W minionym tygodniu byliśmy z Davidem w Waszyngtonie na spotkaniu w polskim konsulacie. David potrzebował pewnych podpisów i pieczątek na dokumentach, które nadawałyby mu oficjalny status w relacjach z bankami w Polsce. Załatwiliśmy to pomyślnie i jesteśmy wdzięczni, że sprawa jest już uporządkowana.
Kiedy byłam w biurze konsulatu, przypomniałam sobie, że to wielki przywilej, że możemy wspólnie służyć w Polsce. To naprawdę wspaniałe, że pomimo tego, że nasze języki się różnią, paszporty nie są take same, nasze rządy działają niezależnie od siebie i że czasami trzeba wypełniać mnóstwo formularzy i wyjaśniać pewne operacje, to jednak w obecnej chwili możemy swobodnie współpracować na rzecz wspólnego celu. Módlmy się, aby drzwi do tej współpracy pozostawały otwarte i aby trwała ona przez kolejne lata.

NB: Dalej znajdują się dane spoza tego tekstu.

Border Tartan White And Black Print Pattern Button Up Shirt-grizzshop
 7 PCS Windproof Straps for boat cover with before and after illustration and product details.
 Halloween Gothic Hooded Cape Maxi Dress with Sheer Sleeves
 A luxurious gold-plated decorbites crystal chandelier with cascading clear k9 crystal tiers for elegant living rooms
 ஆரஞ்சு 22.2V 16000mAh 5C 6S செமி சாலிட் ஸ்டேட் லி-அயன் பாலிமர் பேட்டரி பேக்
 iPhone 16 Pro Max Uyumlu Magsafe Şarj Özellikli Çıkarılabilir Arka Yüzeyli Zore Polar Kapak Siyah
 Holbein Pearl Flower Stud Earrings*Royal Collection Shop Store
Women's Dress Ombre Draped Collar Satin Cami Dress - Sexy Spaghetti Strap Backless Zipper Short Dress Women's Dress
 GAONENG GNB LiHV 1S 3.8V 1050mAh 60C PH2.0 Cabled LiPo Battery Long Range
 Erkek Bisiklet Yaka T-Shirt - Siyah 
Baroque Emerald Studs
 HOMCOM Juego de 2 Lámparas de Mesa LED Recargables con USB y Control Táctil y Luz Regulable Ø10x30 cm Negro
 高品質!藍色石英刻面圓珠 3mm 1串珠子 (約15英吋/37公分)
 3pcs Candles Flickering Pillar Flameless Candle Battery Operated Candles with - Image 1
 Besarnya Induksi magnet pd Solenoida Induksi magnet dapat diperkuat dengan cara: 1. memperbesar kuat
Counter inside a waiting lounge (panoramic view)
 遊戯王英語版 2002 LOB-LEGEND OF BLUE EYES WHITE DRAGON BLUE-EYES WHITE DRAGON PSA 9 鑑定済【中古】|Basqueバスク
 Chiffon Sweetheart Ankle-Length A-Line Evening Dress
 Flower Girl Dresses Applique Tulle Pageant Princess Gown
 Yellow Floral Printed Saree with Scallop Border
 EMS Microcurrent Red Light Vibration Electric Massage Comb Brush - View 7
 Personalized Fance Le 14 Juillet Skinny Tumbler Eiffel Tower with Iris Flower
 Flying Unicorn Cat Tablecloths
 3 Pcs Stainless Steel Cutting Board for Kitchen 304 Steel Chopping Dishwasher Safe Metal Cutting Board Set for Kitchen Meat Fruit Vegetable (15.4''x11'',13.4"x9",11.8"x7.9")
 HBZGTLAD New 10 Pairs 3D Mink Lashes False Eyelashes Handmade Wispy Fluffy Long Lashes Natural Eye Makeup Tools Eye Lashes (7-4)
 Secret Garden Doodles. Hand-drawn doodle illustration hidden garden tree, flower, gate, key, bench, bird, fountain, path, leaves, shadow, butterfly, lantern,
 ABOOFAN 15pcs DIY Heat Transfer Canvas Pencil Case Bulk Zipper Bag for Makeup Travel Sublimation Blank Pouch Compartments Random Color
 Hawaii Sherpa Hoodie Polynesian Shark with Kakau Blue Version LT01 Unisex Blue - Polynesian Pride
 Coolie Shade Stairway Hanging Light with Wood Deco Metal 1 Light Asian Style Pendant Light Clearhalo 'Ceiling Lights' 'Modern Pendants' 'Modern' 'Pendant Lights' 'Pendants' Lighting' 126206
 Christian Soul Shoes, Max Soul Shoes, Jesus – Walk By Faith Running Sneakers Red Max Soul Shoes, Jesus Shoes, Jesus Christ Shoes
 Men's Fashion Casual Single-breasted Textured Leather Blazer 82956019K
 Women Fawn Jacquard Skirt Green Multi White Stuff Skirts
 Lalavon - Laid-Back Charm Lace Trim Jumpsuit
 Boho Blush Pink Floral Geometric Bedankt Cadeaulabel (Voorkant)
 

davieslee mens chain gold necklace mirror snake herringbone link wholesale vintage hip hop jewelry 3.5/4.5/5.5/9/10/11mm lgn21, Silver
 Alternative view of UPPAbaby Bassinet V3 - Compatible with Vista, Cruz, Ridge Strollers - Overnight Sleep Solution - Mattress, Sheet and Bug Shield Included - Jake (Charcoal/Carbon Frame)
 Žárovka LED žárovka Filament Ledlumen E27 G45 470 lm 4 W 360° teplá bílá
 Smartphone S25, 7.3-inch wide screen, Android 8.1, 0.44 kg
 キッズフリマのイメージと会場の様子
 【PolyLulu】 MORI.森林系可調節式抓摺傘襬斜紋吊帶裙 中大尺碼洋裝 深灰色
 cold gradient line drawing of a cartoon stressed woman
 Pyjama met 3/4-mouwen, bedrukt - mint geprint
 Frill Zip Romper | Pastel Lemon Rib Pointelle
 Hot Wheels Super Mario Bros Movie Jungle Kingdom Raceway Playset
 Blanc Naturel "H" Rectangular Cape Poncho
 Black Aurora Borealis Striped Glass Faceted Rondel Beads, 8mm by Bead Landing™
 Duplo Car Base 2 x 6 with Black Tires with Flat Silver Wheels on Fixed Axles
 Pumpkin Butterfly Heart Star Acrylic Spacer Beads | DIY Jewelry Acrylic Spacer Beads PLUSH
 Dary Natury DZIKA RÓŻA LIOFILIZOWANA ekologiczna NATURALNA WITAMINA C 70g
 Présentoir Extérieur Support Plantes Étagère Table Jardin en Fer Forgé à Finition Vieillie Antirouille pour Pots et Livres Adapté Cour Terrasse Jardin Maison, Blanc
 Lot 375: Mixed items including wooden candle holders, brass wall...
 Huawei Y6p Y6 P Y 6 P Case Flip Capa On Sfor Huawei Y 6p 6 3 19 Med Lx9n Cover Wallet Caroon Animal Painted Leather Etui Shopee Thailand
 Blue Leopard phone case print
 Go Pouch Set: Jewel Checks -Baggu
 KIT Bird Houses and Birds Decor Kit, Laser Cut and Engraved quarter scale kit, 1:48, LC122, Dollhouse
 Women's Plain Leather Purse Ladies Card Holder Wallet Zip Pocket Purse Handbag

A ponadto cieszmy się tym, że jesteśmy prawdziwymi braćmi i siostrami w Bożej rodzinie. Jego królestwo nie zna granic -- poprzez Jezusa jesteśmy jednością.
Nasza zaś ojczyzna jest w niebie, skąd też Zbawiciela oczekujemy, Pana Jezusa Chrystusa. (Flp 3;20)
This past week David and I drove to Washington D.C. for a meeting at the Polish consulate. David needed papers signed and stamped to give him official status with the banks in Poland. Everything went well and we are thankful that all is in order.
While in the consulate office, I was reminded what a privilege it is to serve as partners with you in Poland. It is truly amazing that although our languages differ, our passports are not the same, our governments function independently, and there are lots of forms to fill out and transactions to be explained, we are currently free to work together for a common purpose. Let us pray that the doors will remain open for our partnership to continue for many years to come.
And beyond that, let us celebrate that we are truly brothers and sisters in the family of God. His kingdom knows no borders. Through Jesus, we are one.
For our citizenship is in heaven, from which we also eagerly await for the Savior, the Lord Jesus Christ (Philippians 3:20).